No es el relator frustrado, o el negociador, mediador, o la grabadora, no: es el relato lo que ha fallado. Estrepitosamente. La política se construye sobre las necesidades que se encuentran, un proyecto para ambicionar y las posibilidades que hay: de ahí nace un relato completo, una historia cierta en que la mayoría pueda verse representada, sentirse parte, y que desarrollar con liderazgo. Liderazgo es también ponerse al frente de los problemas y dirigir, explicando una visión que muchas veces no será la general, sino una demostración de audacia y visión. Ni relato, digo, ni percepción, ni visión, ni audacia.

Lo que ha pasado la semana que ayer cerramos con la manifestación de Colón es un tremendo desgaste gratuito para el Gobierno y, lo que es mucho más grave, para las instituciones del país. A diferencia de la posición separatista catalana, el discurso del gobierno de España es débil y vacilante. Los independentistas lo tienen claro: introducir en la negociación elementos de bilateralidad con el resto del Estado, que coloquen de igual a igual a las partes (por eso importaba el mediador-relator) y repetir hasta la saciedad el mantra, aparentemente inocuo, del derecho a decidir. Si son fronteras insalvables, no cabe el diálogo sobre dichas premisas.
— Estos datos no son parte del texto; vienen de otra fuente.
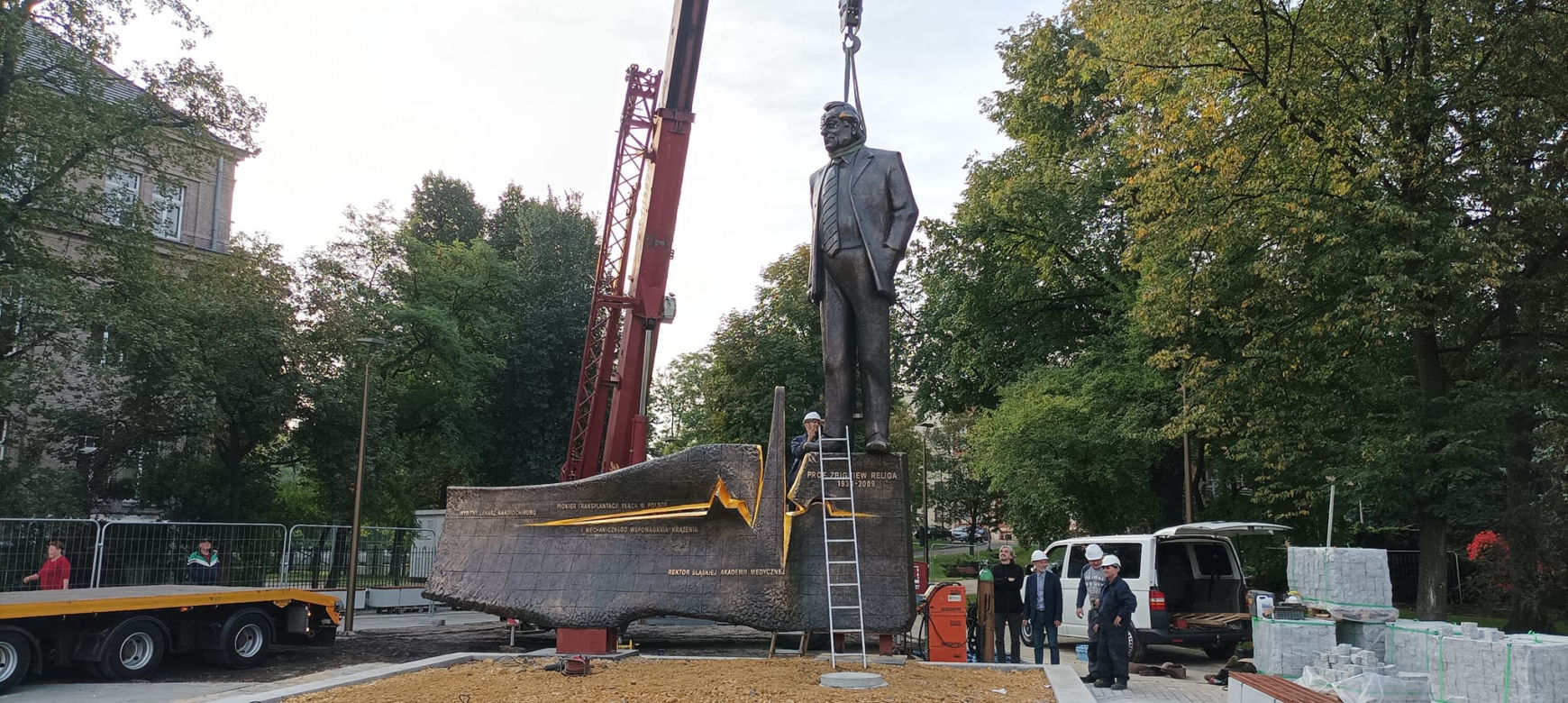 Zabrze: Stawiają pomnik Zbigniewa Religi ZDJĘCIA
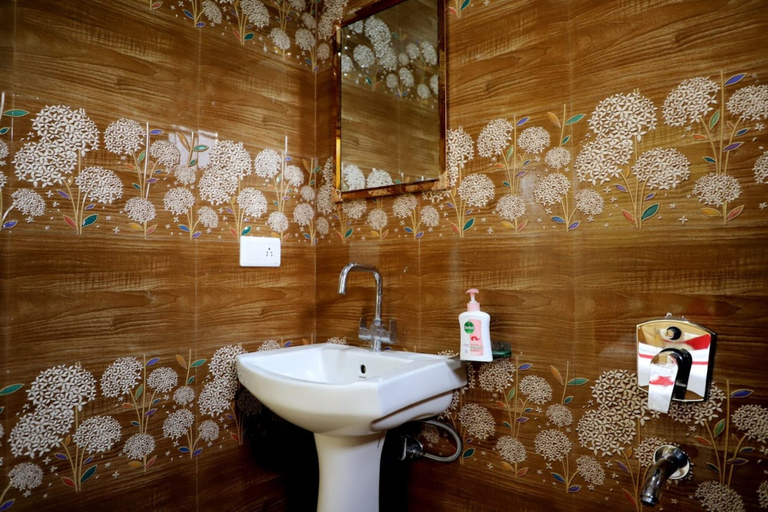 Bathroom 4, Goroomgo Hotel The Mountain Paradise Rewalsar, Mandi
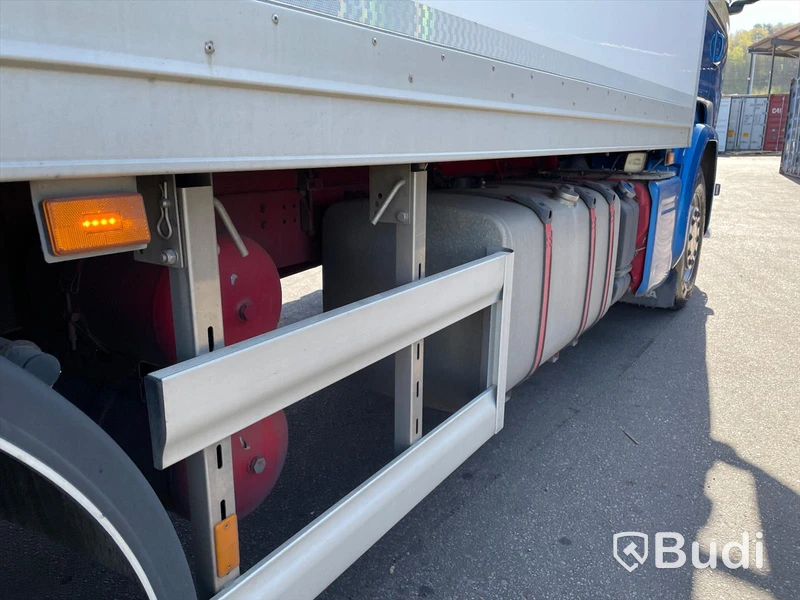 Lastbil Scania R490 6x2 Euro 6 Ny info i annonstexten skåpbil med bakgavelslyft och öppningsbarsida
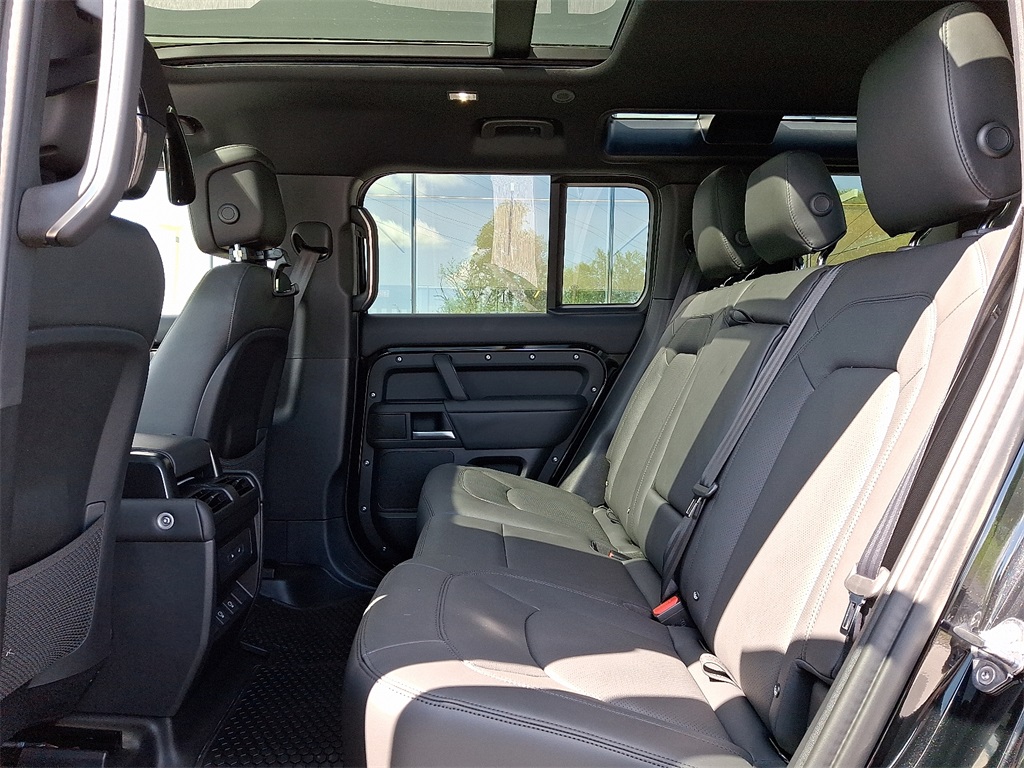2025 Land Rover Defender 110 S photo 7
Si no lo fueran, cabría. Lo que no es posible es que tetas y sopas quepan en la boca. El problema del gobierno español es que formalmente no puede aceptar la apariencia de bilateralidad ni la autodeterminación; la crisis gorda aparece cuando los hechos se apartan de ese relato formal y el gobierno acepta, con una pirueta semántica pésimamente explicada, la figura del mediador y, con la propuesta archiconocida del derecho a decidir sobre la mesa, pretende sentarse a hablar: ¿de qué, nos preguntamos, si no es de esto?
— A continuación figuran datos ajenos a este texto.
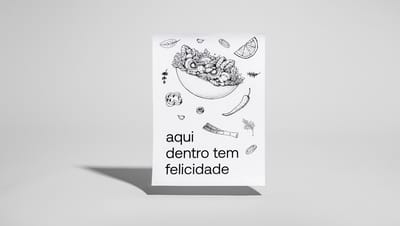 Cartaz branco com ilustração preta de uma tigela de comida cercada por ingredientes desenhados, como legumes e temperos. Abaixo da ilustração está a frase: 'aqui dentro tem felicidade'.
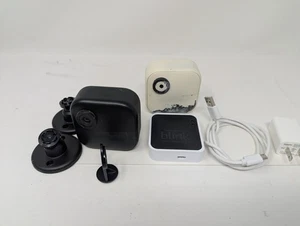 Blink Outdoor 4, 2 Cameras with Sync Module, for parts or repair - Picture 1 of 4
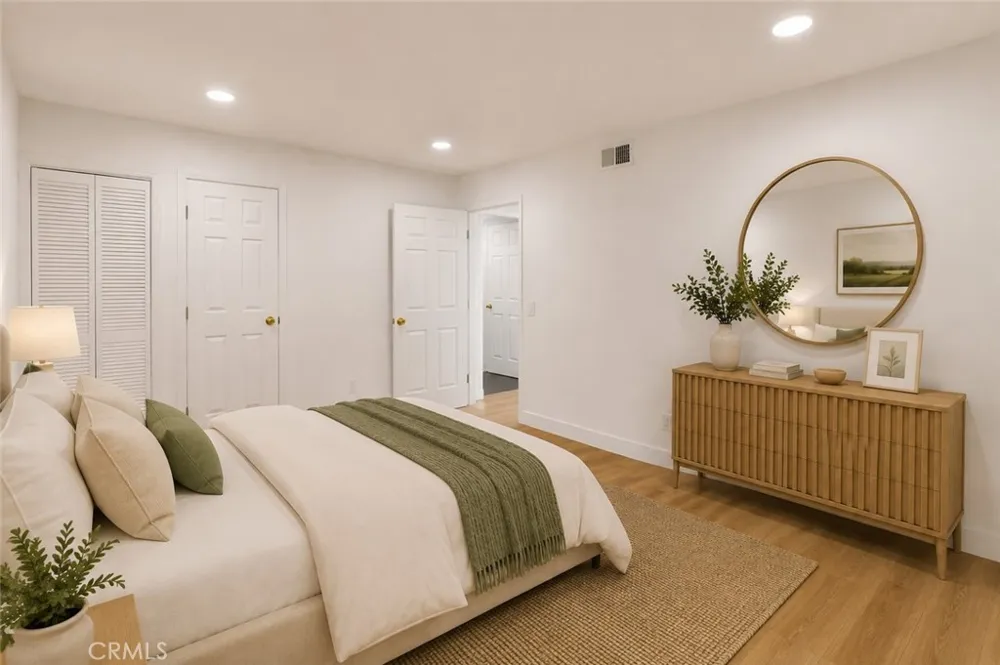 9010 Newport #3 Fontana, CA 92335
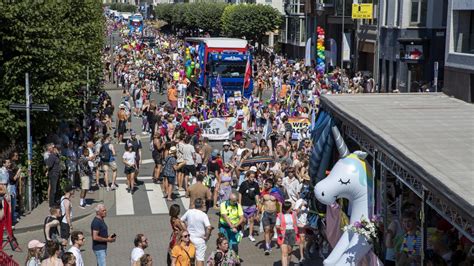 120 000 besucher bei größter antwerp pride parade aller zeiten grenzecho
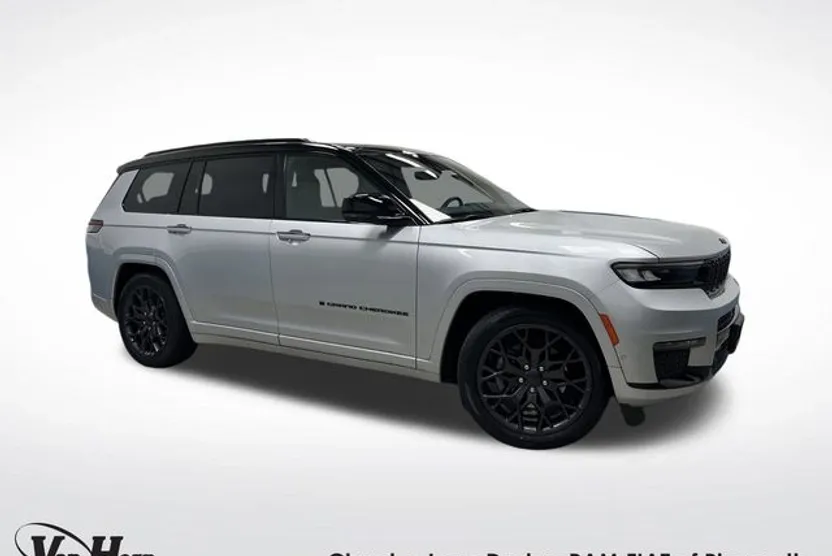 2023 Jeep Grand Cherokee L Summit Reserve photo 1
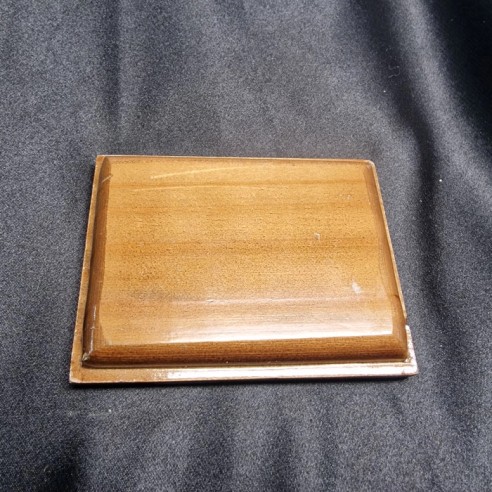 Peana de madera rectangular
Al gobierno, débil y rehén de los votos que le auparon, le falta valentía y criterio. Si el Presidente Sánchez cree honestamente que el conflicto con Cataluña puede desencallarse borrando las líneas infranqueables que hasta ahora han existido, debería defenderlo y explicarlo sin tapujos ofreciéndonos las supuestas ventajas de ese relato frente a cualquier otro, también frente al de la unidad de España. Si no lo cree, no puede hacernos perder el tiempo ni la dignidad como país. Todo ello, y en cualquiera de sus formas, con independencia de los presupuestos (irrelevantes en comparación con el desafío histórico del momento).

El país requiere un gobierno sólido y creíble. La solidez y la credibilidad de éste están solo apuntaladas por su origen, legal y legítimo, pero deficitario en términos de apoyo popular, porque no se contrastó. Quizás para los optimistas la legitimidad de ejercicio compensara las carencias, pero no ha ocurrido. Llegados aquí, el manual de la democracia no impone resistir sino votar. Cuanto antes, por favor.